What you will do: Only a number is wanted: how many lines in the records below contain "CARACTERÍSTICAS"?

----- Dataset content -----

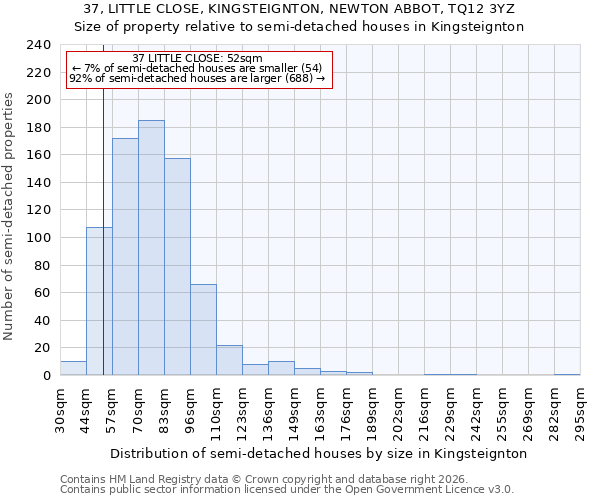 37, LITTLE CLOSE, KINGSTEIGNTON, NEWTON ABBOT, TQ12 3YZ: Size of property relative to semi-detached houses in Kingsteignton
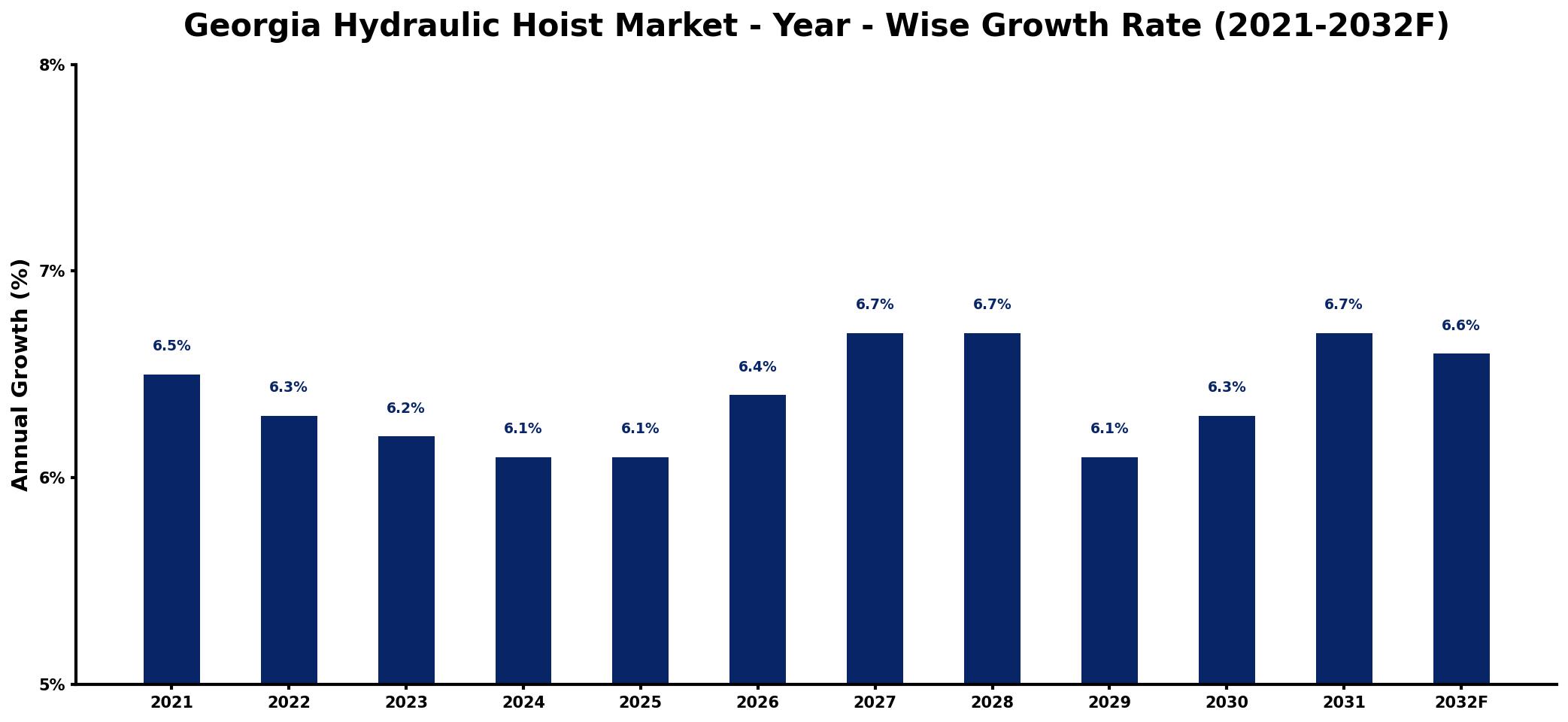 Georgia Hydraulic Hoist Market Year-wise Growth Rate and Key Drivers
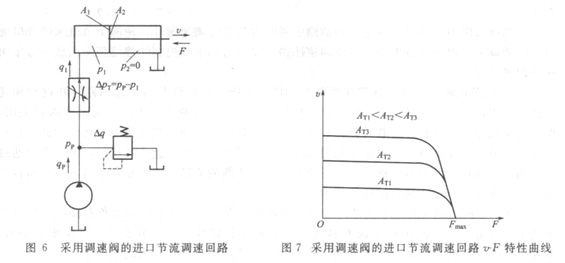 大蘭液壓進(jìn)口節(jié)流調(diào)速回路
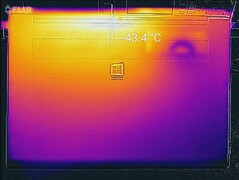 Thermal profile, max load (underside)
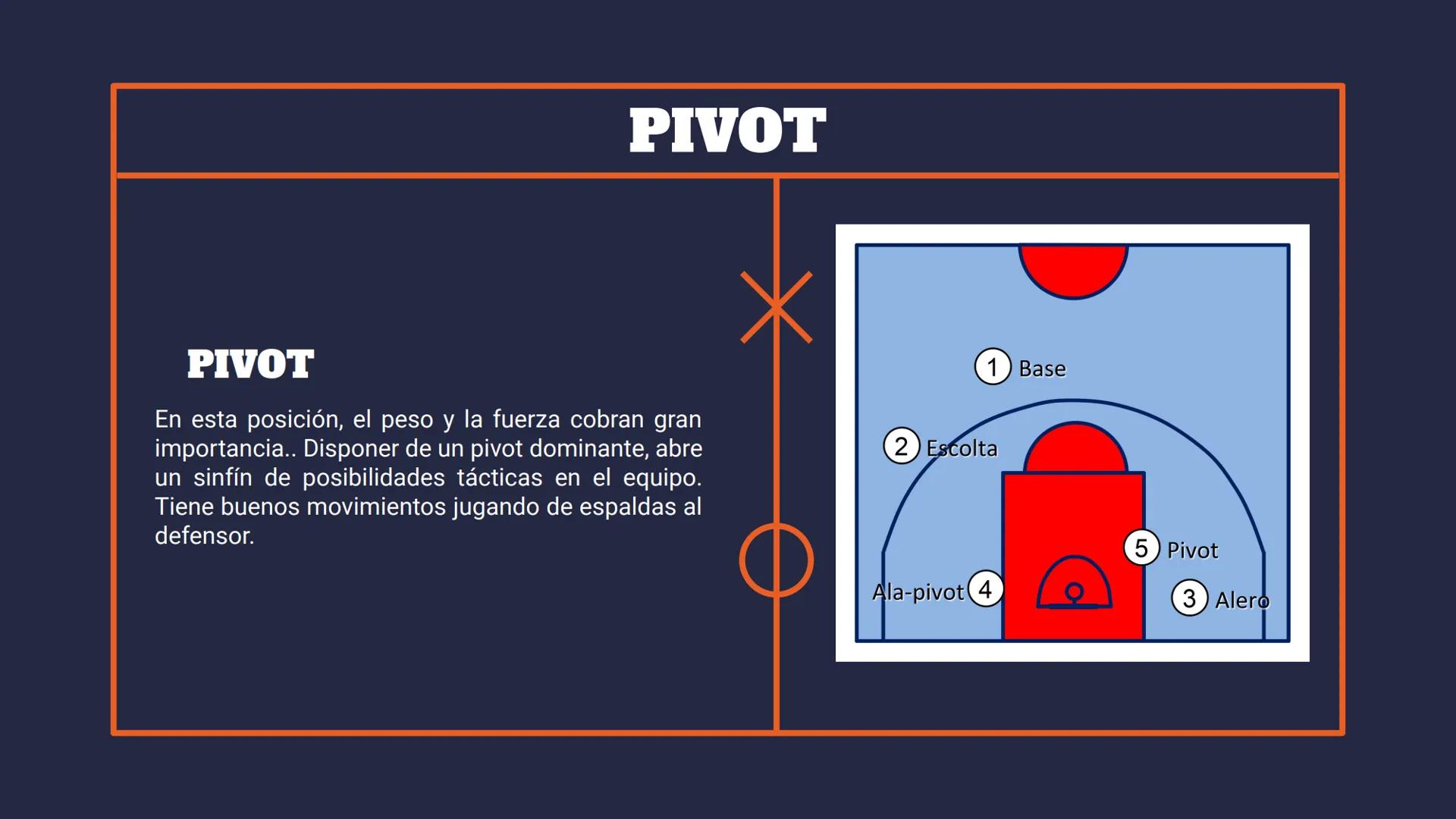 BASKETBALL
CARACTERÍSTICAS FÍSICAS
DE CADA JUGADOR TABLA DE CONTENIDO
01
CARACTERÍSTICAS
DE UN JUGADOR DE
BÁSQUET
02
POSICIONES
03
CARACTERÍ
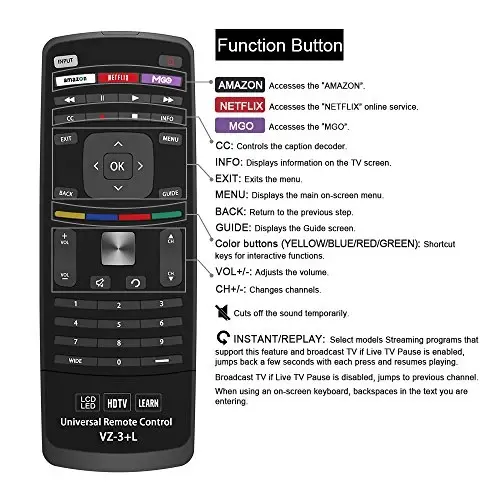 New Vizio Universal Remote Control for All VIZIO Brand TV, Smart TV - 1 Year Warranty - 5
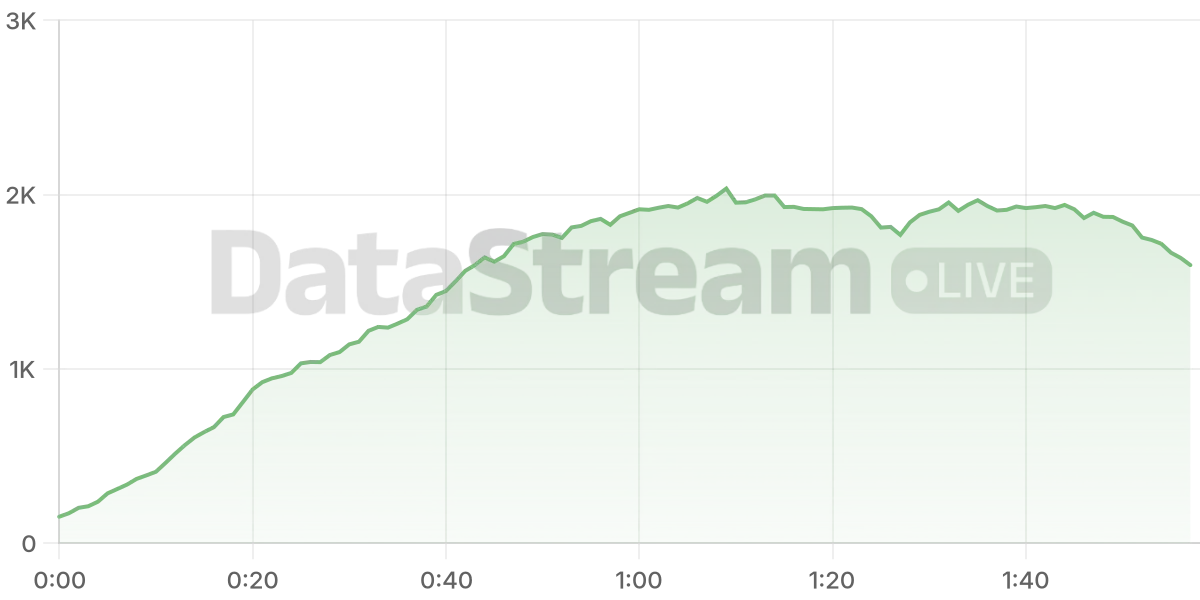 Grafico de conectados del stream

-----

Reply to the exercise: 2